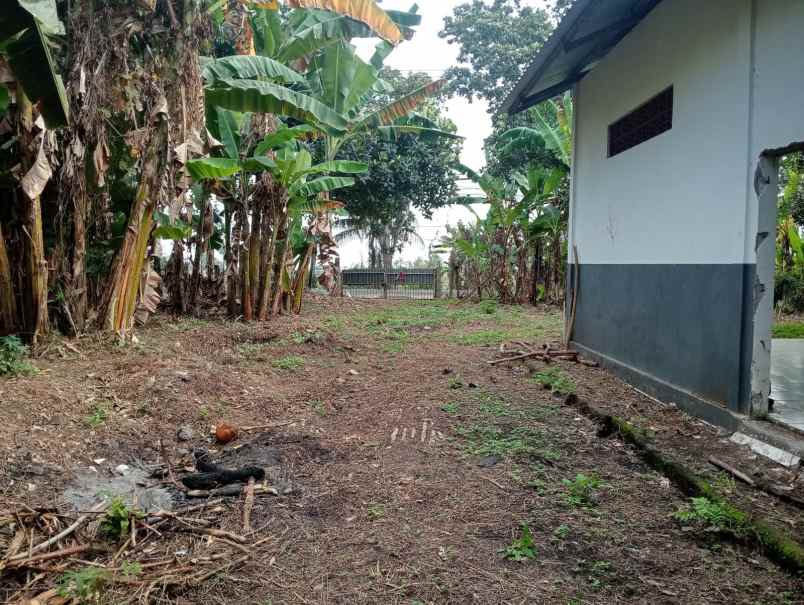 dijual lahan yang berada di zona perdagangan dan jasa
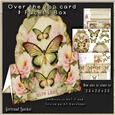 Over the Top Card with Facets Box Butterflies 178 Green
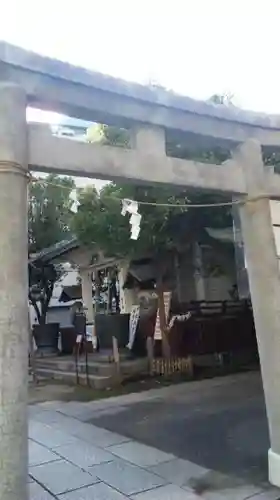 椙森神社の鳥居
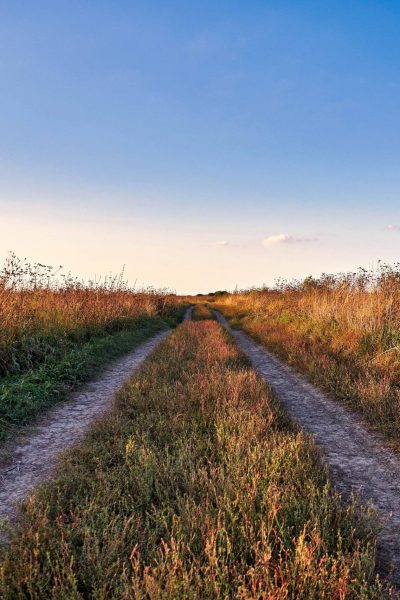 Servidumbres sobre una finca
____
**TASK DETAILS**. From the material above, reproduce everything verbatim except the pictures.

**WRITTEN ANSWER**.
 dijual lahan yang berada di zona perdagangan dan jasa
 Over the Top Card with Facets Box Butterflies 178 Green
 椙森神社の鳥居
 Servidumbres sobre una finca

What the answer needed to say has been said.